Sunday, November 12, 2006

Eat here and get gas

The little town of Shamrock, Texas was once a bustling little burg. In its heyday, Shamrock catered to the many travelers of Route 66. Its main avenue was rife with garages, filling stations, restaurants and tourist courts along with the residents and travelers that frequented those businesses.

Chief among the businesses in Shamrock was the combination Tower Gas Station and U Drop Inn diner. A prime example of 1930s art deco styling, it was described at the time of its opening as “the swankiest of swank eating places" and "the most up-to-date edifice of its kind on the U.S. Highway 66 between Oklahoma City and Amarillo." The distinctive building was a welcome sight to many travelers.

Nowadays, the main business area lies north of town where Interstate 40 passes by. You can fill your vehicle at a number of self-serve gas stations and catch a meal at any one of a number of fast food franchises, where the majority of customers are unaware of the existence of this architectural gem where travelers far from home used to get a home-cooked meal and an attendant would wash your windshield and check your oil while pumping gas at 34 cents per gallon.

While my wife and I stopped to take in the old main street, I took a number of shots of the colorful structure, a couple of them while standing in the middle of old Route 66, with very little danger of being struck by any vehicle.

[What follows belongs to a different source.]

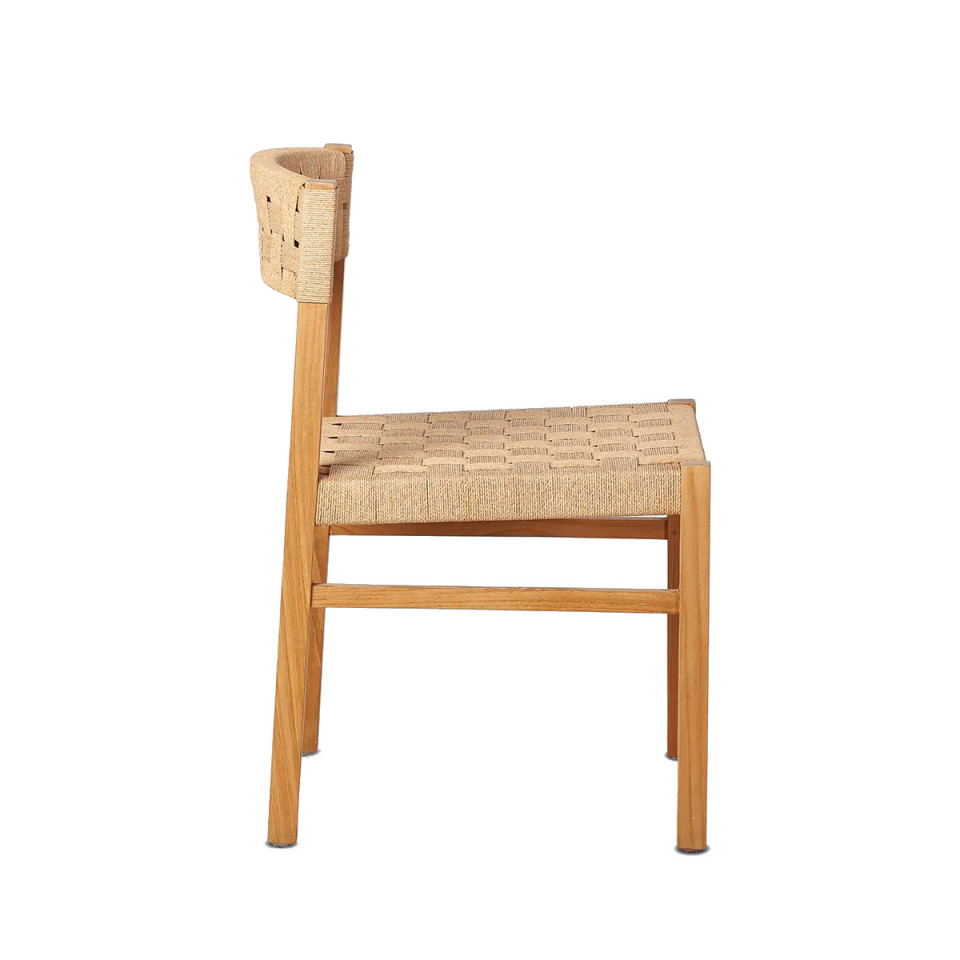 Chaise en teck assise tressée CORA - 2 col. - Dareels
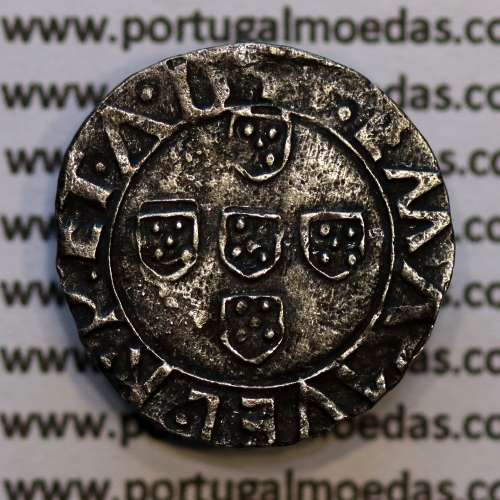 Silver coin Half Vintém of D. Manuel I 1495-1521, 10 Reais silver,  Legend: +I:EMANVEL:R:P:ET.A.D / +I:EMANVEL:R:P:ET:A:D:G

Progress, I guess you call it.

Click on pictures to enlarge. Photographs © 2006 James Jordan.


Jose said...

The movie "Cars" show what you just described here. How sad that progress finished with so many little towns along the Route 66. I hope to one day cruise as many segments of as I can on my Harley.

James said...

jose, I highly recommend the trip. I had not seen the movie before the trip; in fact I just saw the DVD this weekend. They did an amazing job capturing the essense of old Route 66. One of the buildings in Radiator Springs was modeled after this building.